I have a relatively old Sage Barista Express Model BES870UK /A. It’s developed a water leak and have opened the machine and identified the faulty part.

The leak is the plastic elbow that fits on the solenoid valve and couples to the heater via a 4mm plastic tube.

The leak is serious and water gushes out when the machine is operated. I have taken the solenoid assembly out of the machine and removed the plastic elbow. The issue is that the O ring flange inside the connector has disintegrated and as a result there is no seal hence the water leak.

I have been in touch with Sage and they have told me there is no stock of these connectors and that this particular part of the solenoid assembly – again no stock. The have also told me that these parts are made specifically for Sage and are not available from other manufacturers.

Can anyone give me any idea where I can get a replacement? 
Also, is there a part number for this elbow connector?








Photo of elbow connector


----------



## MartinB (May 8, 2011)

Yes, I have replaced this same part with a metal elbow that is more up to the job than the original plastic part! I'll dig out the thread and add it here for you.


----------



## Fahed2000 (6 mo ago)

I seem to have the same issue as the OP. Any chance you managed to find the part and if you happen to recommend where I can get some o rings?. Thanks


----------



## Martini (6 mo ago)

Finding an exact replacement elbow has been impossible. It appears that these fittings are made specifically for Sage and neither Sage or their official repairers will supply them. Sage have offered to repair the machine at great cost which implies they must have the part available for internal use.

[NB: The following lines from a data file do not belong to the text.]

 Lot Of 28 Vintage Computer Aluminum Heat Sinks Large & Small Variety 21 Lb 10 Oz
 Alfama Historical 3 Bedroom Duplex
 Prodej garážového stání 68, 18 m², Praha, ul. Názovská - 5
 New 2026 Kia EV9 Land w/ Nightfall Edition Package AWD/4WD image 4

I have changed the plastic elbow for a standard 4mm metal part. This is available from ebay High Temperature,Food Grade Push in Fittings Elbow Male Stud bspp, Air, Steam | eBay . You need to make sure you select the 4mm 1/8 bspp part. It costs £4.99.

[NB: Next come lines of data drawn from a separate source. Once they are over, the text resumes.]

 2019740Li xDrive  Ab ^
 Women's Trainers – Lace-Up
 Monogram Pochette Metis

Fitting the part is easy. You need to remove the solenoid block. Once you have done this remove the old elbow and screw in the new one. Then refit the valves. You will then need to cut the brass compression fitting off the 4mm tube that connects the elbow to the boiler. To make this a bit easier I disconnected the tube from the boiler end too. You need to cut the fitting off the tube, however this must be done as close to the compression fitting as possible since the length of the 4mm pipe is a little tight. Once the fitting is removed just push the 4mm tube into the elbow ensuring it is fully pushed in and then lock it in place by pulling the lock ring outwards.

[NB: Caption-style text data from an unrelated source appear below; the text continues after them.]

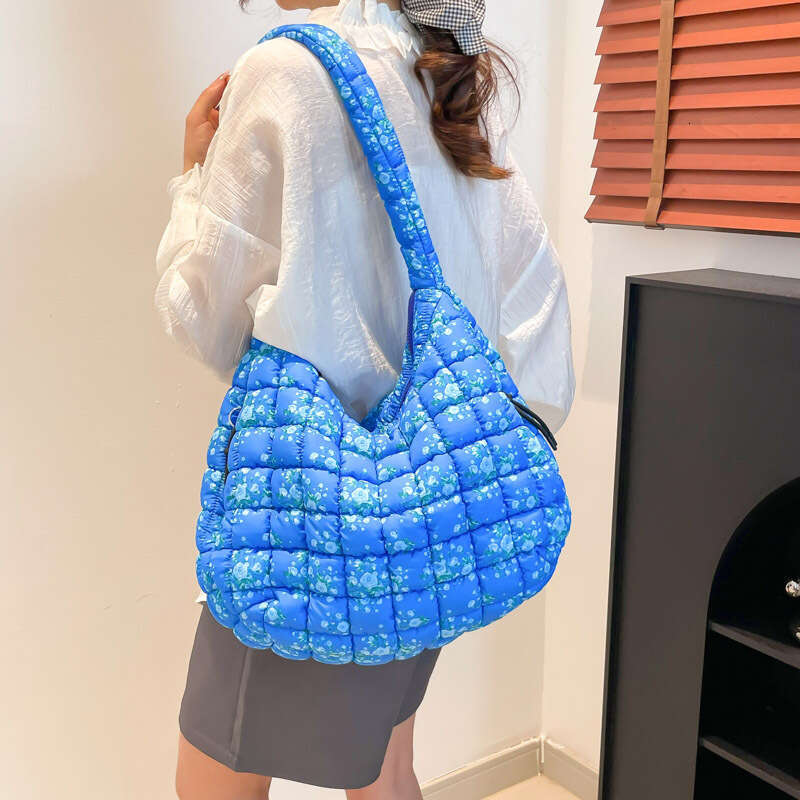 Trendy Cloud 2025 New Style Wrinkled Bubble Dumpling Quilted Single Shoulder Crossbody Large Capacity Tote Bag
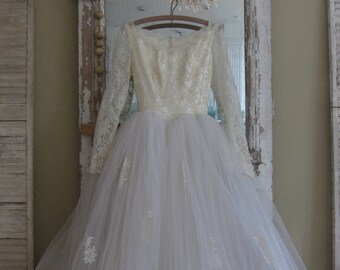 Vintage wedding dress, 1950's, ivory, tulle, applique, lace, Shabby Chic, Adeline of California, repurpose, remake, redo, sewing project
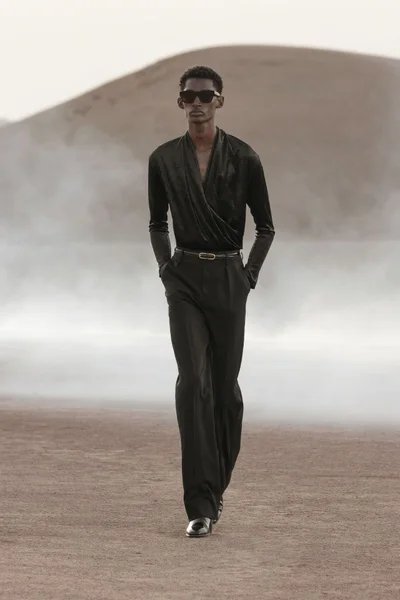 Look 37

This part does not need an O ring, however, you can obtain 4mm O rings from multiple sources on both ebay and Amazon.

Assuming you are comfortable taking the machine apart this is an easy fix and takes about 15-60 minutes depending on your skill / confidence level. The hardest part is fixing the solenoid plate back in place as the screws are not magnetic and these fell out numerous times during reassembly. In the end I resorted to a small amount of glue to fix the screw to the driver.


----------